Gardening Jobs for July

This is often one of the hottest months of the year and a great time to sit out and enjoy your garden, but as ever there are things to do, here a few thoughts for the month ahead.

Keep plants looking good by regularly dead-heading, and you'll enjoy a longer display of blooms. Make sure you keep new plants well-watered, using grey water where possible, and hoe off weeds, which thrive in the sunshine.

For many of us the lawn is the centrepiece to the garden that sets off everything else. As long as there is no drought, it's worth feeding the lawn regularly.

More importantly, during dry weather, raise the blades on your lawn mower to allow the grass to grow a little bit longer. This will keep it greener and help it retain moisture. Although, don't panic if your grass does turn brown as it will soon green up again when the rain returns.

Deadhead bedding plants and repeat-flowering perennials, to ensure continuous flowering.

Water containers, pots and tubs and new plants if dry, but be water-wise, Watering is one of the most important jobs when growing plants in containers. Remember to water plants in the evening when it will not immediately evaporate and avoid water droplets from heating up and damaging the leaves.

Lift Onions:  watch for when about two thirds of onion tops are falling over, then push the rest down to soften the neck as sometimes they can develop a long stem and a neck that doesn’t dry very well. You don’t need to wait until the tops go yellow before lifting, but you’re looking for the bulbs to begin to change colour. 

Cut back early flowering perennials to the ground and they will send up fresh leaves and maybe the bonus of some extra late-summer flowers.  Give them a boost after pruning with a good soak of water and some tomato feed. Exploit plants' desperate need to set seed by removing blooms as they fade. This will encourage them to produce more flowers to replace them. 

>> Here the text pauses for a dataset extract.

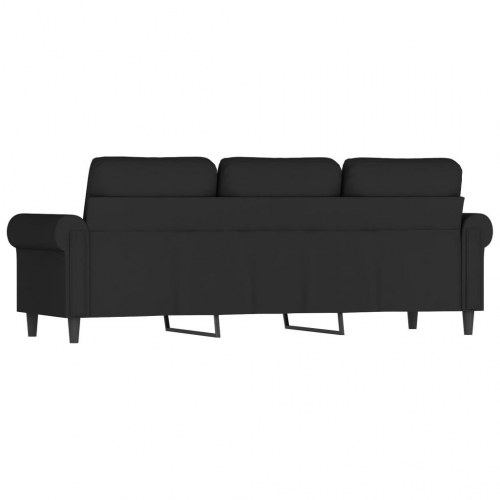 3-personers sofa i velour - sort, sædebredde 180 cm
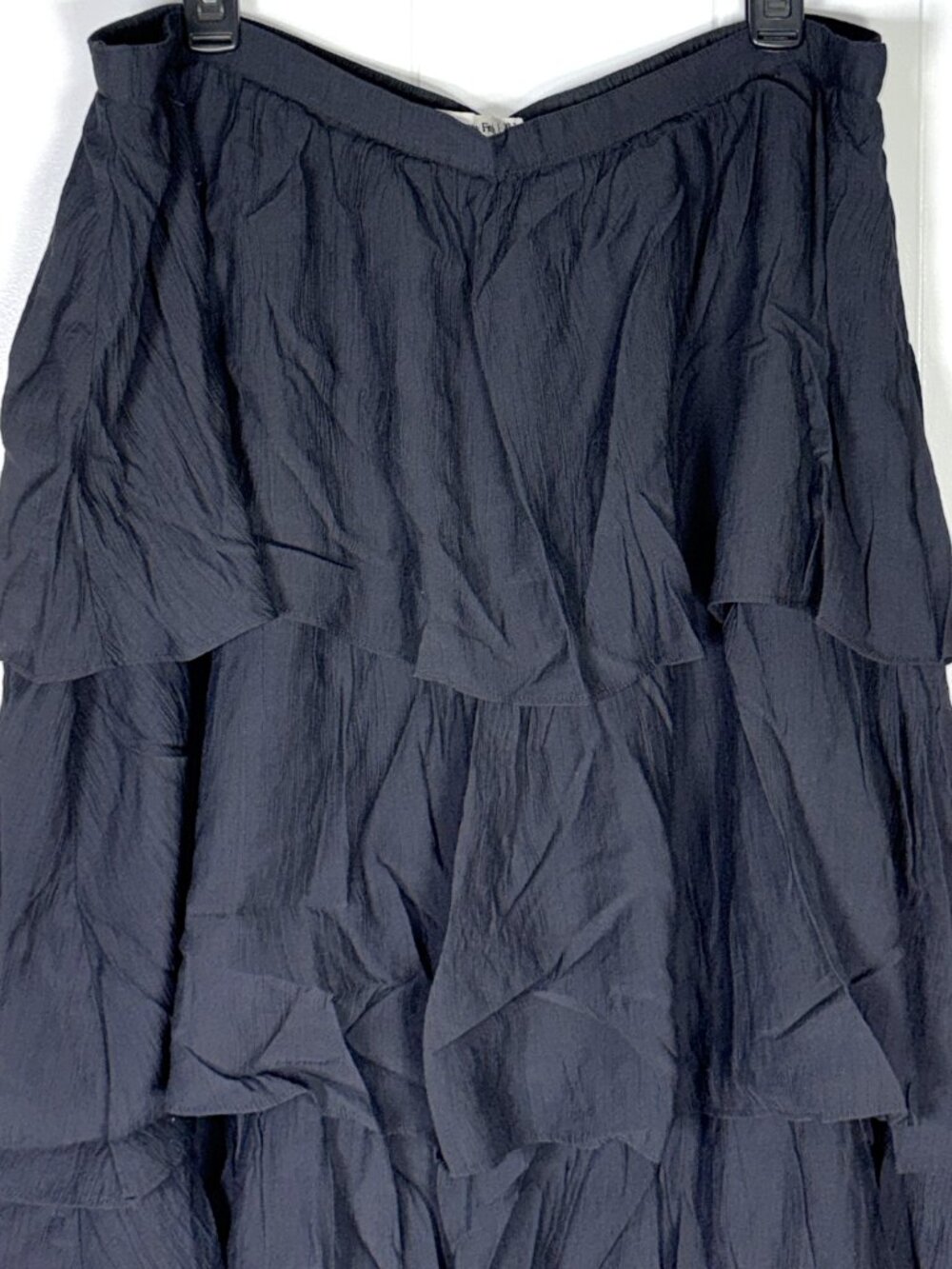 Abercrombie & Fitch Black Crinkle Tiered Layered Ruffle Maxi Zip Skirt XL T Tall - Picture 2 of 6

Dead-head roses to keep them looking tidy, although if your rose produces attractive seed pods ("hips") you may want to leave the flowers in place. Keep an eye out for rust on rose leaves. If spotted, prune out badly affected foliage and/or spray with a fungicide, such as Rose Clear Ultra.

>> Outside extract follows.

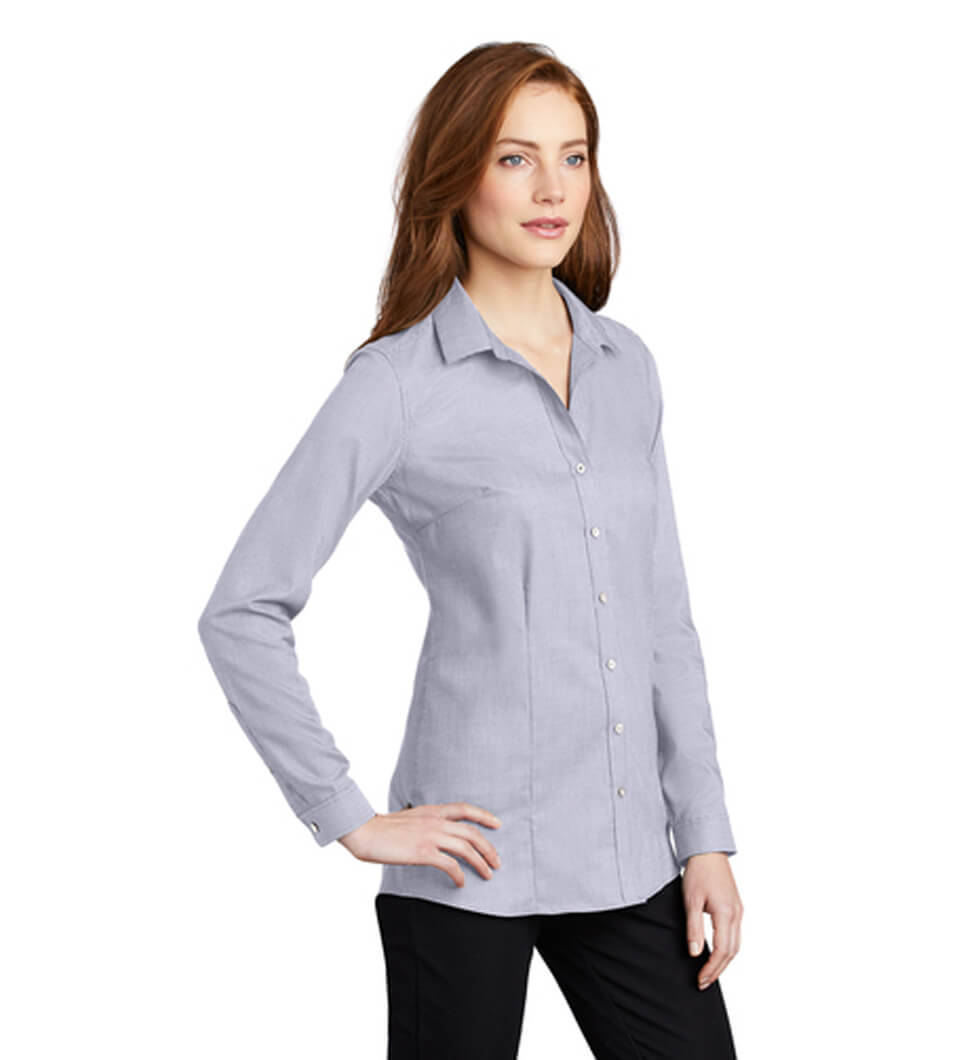 Women's Pincheck Easy Care Shirt Gusty Grey/White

Give roses a boost as the first flush of flowers fades by feeding them with a rose food. Such as Top Rose. Gently hoe it into the soil around the plant and water in. 

Cut lavender for drying, choosing newly opened flowers for the best fragrance. Hang up in a cool, dark place to bring the beautiful scent into your home.

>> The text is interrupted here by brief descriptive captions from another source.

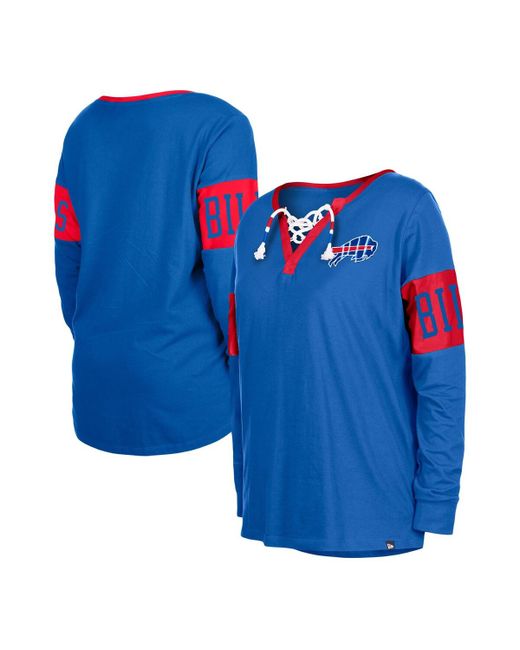 New Era Buffalo Bills Lace-Up Notch Neck Long Sleeve T-shirt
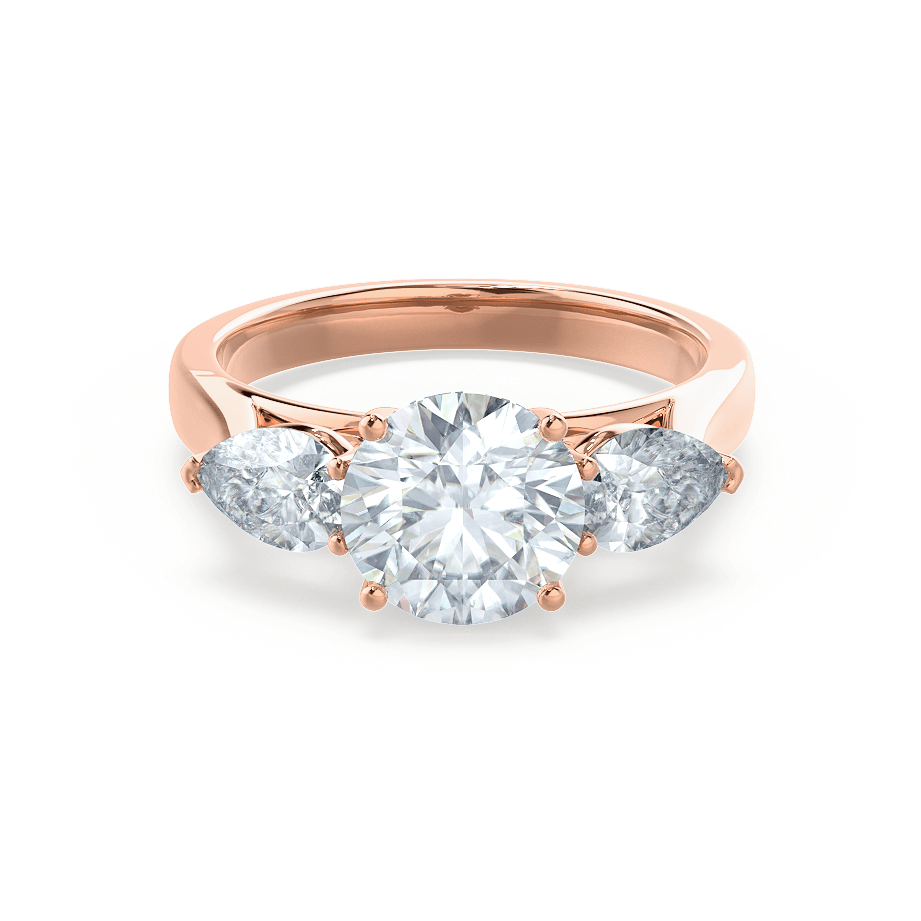 1.0 CT Round 3 Stones CVD E/VVS2 Diamond Engagement Ring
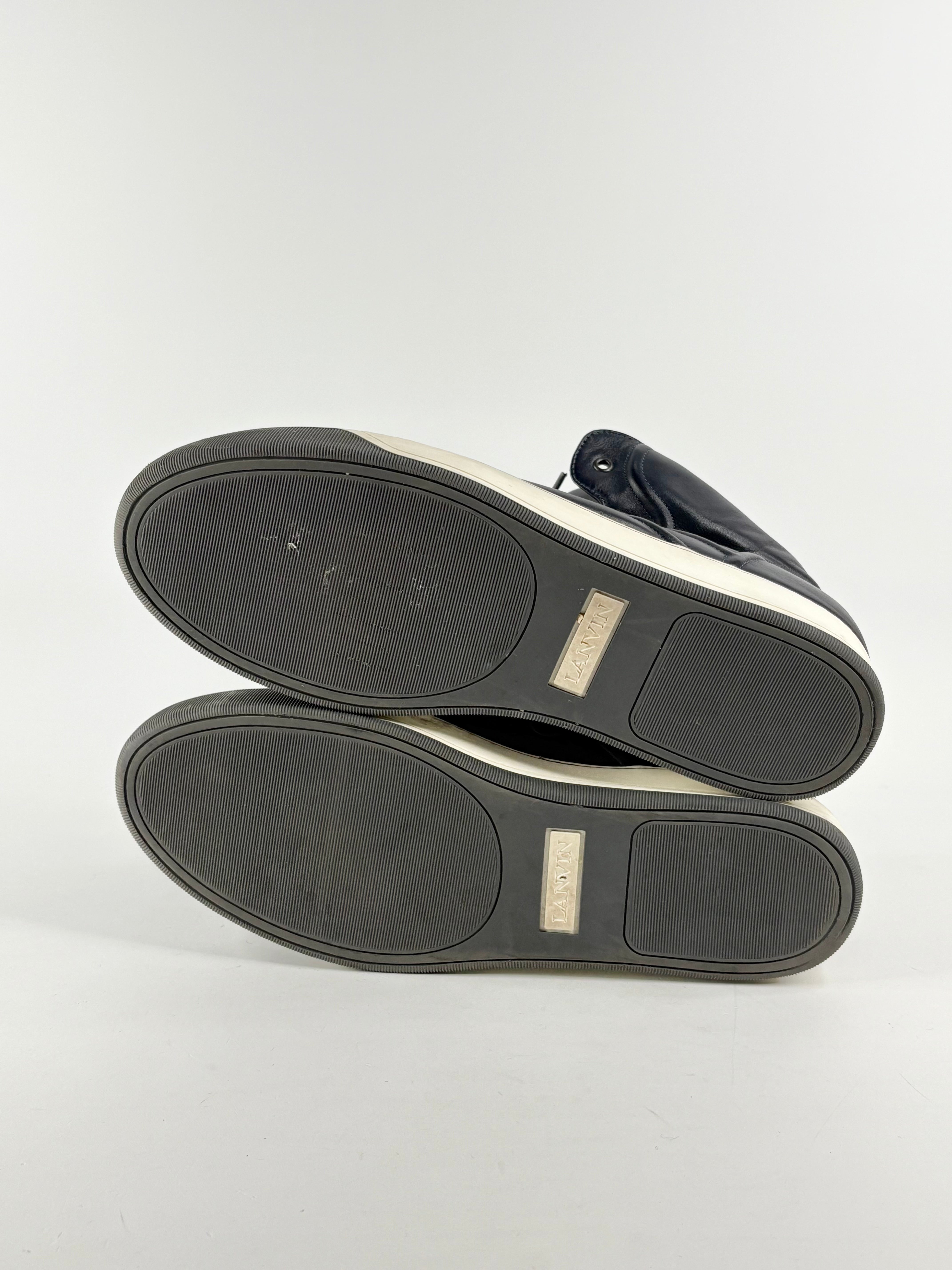 Lanvin Navy Blue Leather High-Top Sneakers - EU45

Remove some of the woody growth from established shrubs such as Spiraea and Weigela to the ground once they have finished flowering to create an open structure.

Undertake corrective pruning of deciduous Magnolia trees, if required.

Prune Honeysuckle, Wisteria and ornamental vines by removing flexible side shoots at 20cm from where they join the main stem to prevent them getting out of hand.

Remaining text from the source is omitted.